В 1967-м монарх по собственной инициативе посетил уппландские тюрьмы, пять исправительных учреждений за один день.
11 ноября 1972 года Густав VI Адольф с большой помпой отпраздновал девяностолетие, и друзья Национальных музеев устроили роскошный фейерверк, который выманил на берега Сальтшён весь Стокгольм. Пришла пора составлять расписание подобных торжеств так, чтобы королевская семья имела возможность посмотреть специальную телепрограмму о короле — видеомагнитофоны тогда еще не вошли в обиход. У шведского народа чуток защипало глаза, когда рослый девяностолетний старик в заключение трезво констатировал: «Для меня солнце клонится к закату».
Когда самого постоянного из секретарей Шведской академии Андерса Эстерлинга[84]
совсем по другому поводу спросили, как он себя чувствует в свои девяносто с лишним, он ответил: «Это ощутительный возраст в жизни мужчины».Густав VI Адольф в свои девяносто мог бы, наверно, сказать то же самое. Но двигался он бодро и упруго. Как и у многих в семье, у него были серьезные проблемы со слухом, сопряженные с легкими нарушениями равновесия, что отражалось на походке. Но еще 15 июля 1973 года король посетил теннисный турнир в Бостаде, спустился на корт и приветствовал тогдашнего теннисного короля Стэна Смита, который только что одержал победу над молодым многообещающим талантом по имени Бьёрн Борг[85]

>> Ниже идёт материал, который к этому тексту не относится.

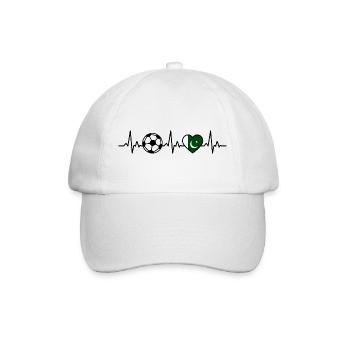 Battement de cœur du Football pakistanais - Casquette classique - blanc/blanc - Devant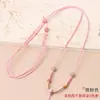 Collar Colgante de Joyería de Jade Natural Tejido a Mano Cordón Venta al por Mayor Cadena para Clavícula de Mujer Ajustable Cordón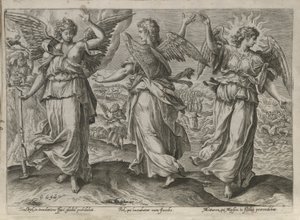 Gli angeli Taedkiel, Piel e Mittaron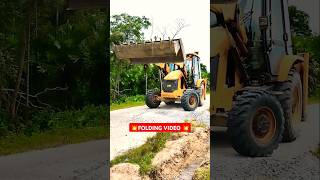 JCB FOLDING WORK 💥🚜💥 jcb tractor jcbvideo [upl. by Dehnel]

. «У тебя все впереди», — сказал искушенный в теннисе монарх молодому претенденту. Стэн Смит предложил девяностолетнему королю (без малого девяностооднолетнему) прийти на корт и забить пару мячей. Король улыбнулся мудрой улыбкой и посулил обдумать предложение Смита и в следующий раз захватить с собой ракетки.Всего месяц спустя, 18 августа, король, находившийся в Софиеру, захворал, поначалу решили, что это не опасные желудочные кровотечения, но через два дня ему стало хуже, а 15 сентября он скончался и его место занял внук, моложе его на шестьдесят четыре года.

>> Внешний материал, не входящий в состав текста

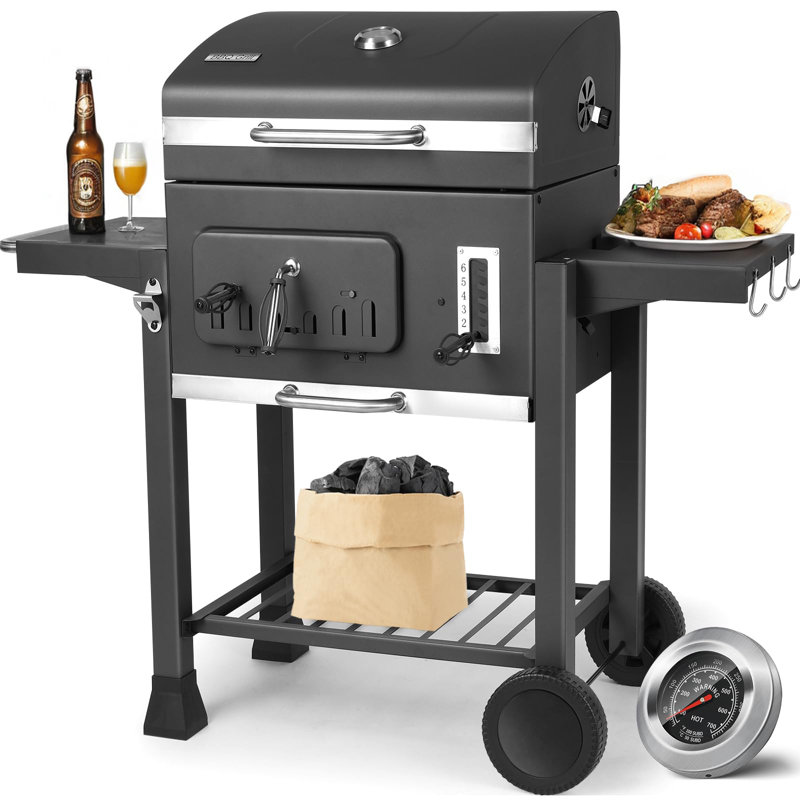 LIFERUN 61cm W Charcoal Grill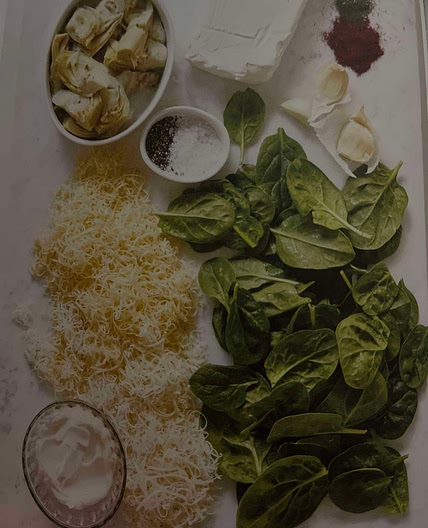 Baked spinach artichoke dip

Со временем многие короли и часть их близких становятся для своего народа этакими заместительными родственниками — они все время мелькают в газетах, постоянно окружены похвалами и почетом, и потому королевская кончина вызывает чувство скорби и утраты даже у людей, которые никогда не встречались с усопшим. И ничего тут не поделаешь, многие плакали и когда умер Джон Леннон. Даже в общем-то несравненно больше — когда умер Сталин; это я говорю, просто чтобы проиллюстрировать механизм.
Но в случае Густава VI Адольфа присутствует еще один аспект: шесть десятков лет — сначала как кронпринц, затем как король — он был лояльным представителем Швеции, которая за эти годы преобразилась до неузнаваемости и стала «домом для народа», сиречь обществом благоденствия, долгое время управлявшимся бывшими революционерами и республиканцами, чей юношеский идеологический пыл далеко не всегда угасал. Он был неотъемлемой частью общества, которое, собственно, не нуждается в короле. И то, как он справился с этой задачей, заслуживает определенного уважения.
Упомяну хотя бы, что лидеру коммунистов К.-Х. Херманссону не пришлось брать назад слова, сказанные по случаю кончины Густава VI Адольфа, а ведь ему снова и снова приходилось просить о снисхождении к тому, что он говорил по случаю смерти Сталина.
16 сентября 1973 года Бу Стрёмстедт[86]
опубликовал в «Экспрессен» превосходный некролог, разумные слова о несовременности монархии, увязанные вот с таким финалом:«Наверно, король не может стать невзыскательным, уже самому его положению присуща взыскательность, которую человек скромный не может не ощущать как мучение. И все же одно из моих представлений о Густаве VI Адольфе: сама невзыскательность, заинтересованно и с готовностью склоненный над тем, чем он обязан заняться. Всегда, и в новое время тоже, хватало королей, которые заимствовали честь и славу у должности. Густав VI Адольф оказывал ей честь».